Just the other day I got an email from someone I met over 15 years ago when he worked at one of the top cellular operators in the world, where he had quite a high position until just a few weeks ago. Throughout the years I tried to get him to help me get some work from that company, maybe hoping that the fact that we were originally from the same country or that he knew of the solid reputation of our company back home would be a motivator, but he really never was that supportive or went the extra mile. He was very busy and had other priorities. I understand. We all been there.
So, when I got his email sharing with me that after spending all those years at this particular company he was out and wanted to see if he could send me his resume in case I knew of any opportunities that could be a good fit for him, I said to myself…hmmm..interesting. As I was updating his contact info, I noticed that while I had his work email and work phone on record, throughout the years he had never shared his personal email or his cell phone. Until now. Now of course it is important to HIM that you can reach him at any time. Before it might have been important to you, but not to him.
Unfortunately, we are letting our titles and the company logo in our business card define who we are, and that means that we are often showing up in the world in a self-serving way.
Unfortunately, our Humanity is getting lost in the process. People forget to put themselves in the other’s shoes.
Those that know me, know that I will still try to help anyway, although I have to admit that doing it for someone that never cared to do it for you, takes tapping into being your better “self”. At the end is about who I AM, and how I measure my own success. I can totally see that the more successful you are, the higher you are on the corporate ladder, the more people want something from you, and it can become overwhelming. Unfortunately, our Humanity is getting lost in the process. People forget to put themselves in the other’s shoes. Empathy is really almost non-existent. And yet, is not surprising to see that some of the most successful leaders in the world are actually quite available to others.

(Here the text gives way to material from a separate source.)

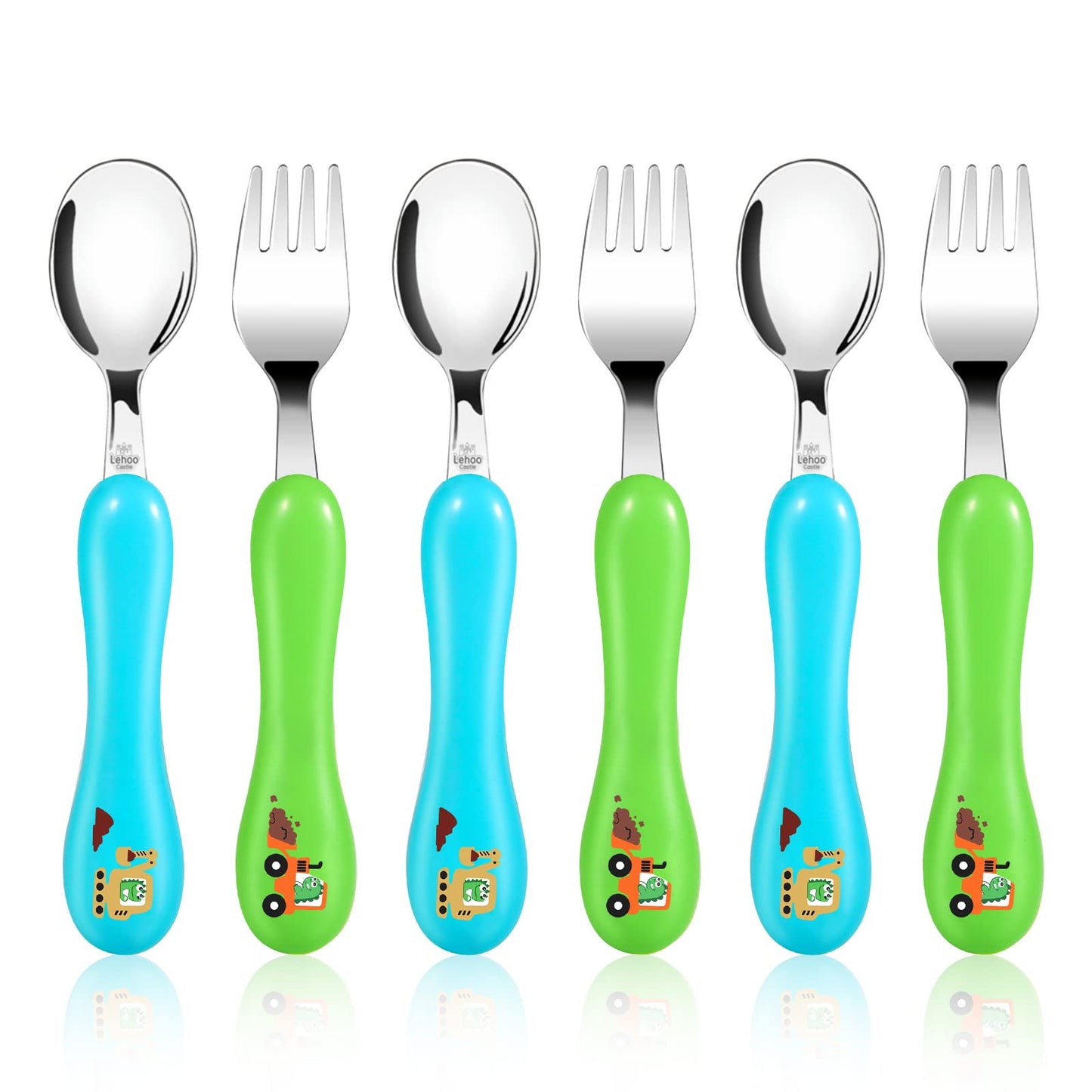 Lehoo Castle Kids Utensils, 6pcs Silverware Set, Safe Stainless Steel Toddler Fork and Spoon, Includes 3 Spoons and 3 Forks (Pink)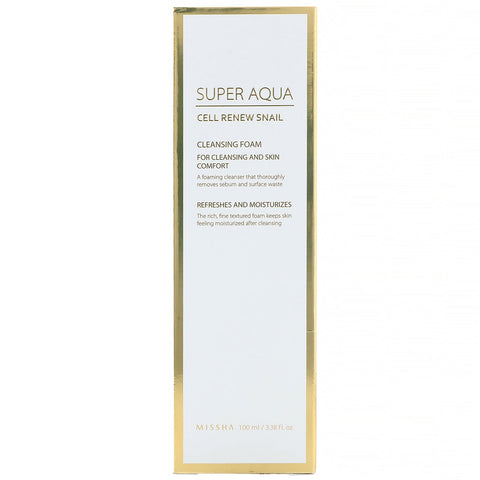 Missha, Super Aqua, Cell Renew Snail, Cleansing Foam, 3.38 fl oz (100 ml)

Seth Godin and Tami Simon both said yes to being on my podcast without knowing me and as a result of an email I sent them. They both could have ignored it but both said that they could sense something authentic about the way I asked them, and said yes instead. Others have said no, but in such a dignified way that it was inspiring anyway. So, sorry, but I don’t buy the “I’m too busy excuse’ that many of us provide when we don’t move a finger to help others. You don’t do it because you don’t want to. Just own up to it. That’s also ok.
To me, success is being the same person and acting the same way, no matter what business card I have. Recognizing that today I might be in a position of power and tomorrow I might not. Helping others not only because I will get something out of it, but especially because I won’t. To me being successful is about having impact and passion in everything I do, and yes, taking care of all aspects of ME. Family, health (physical and mental), spending time with friends, etc how much I get to do of that is part of how I measure my success. Having a well-balanced life and the flexibility to do the things I want to do.
There’s only one life, and the stakes of getting it “right” are just too high to be left to chance. So, I think it is worth looking into when was the last time you gave some deep thought to the way you are measuring your own success?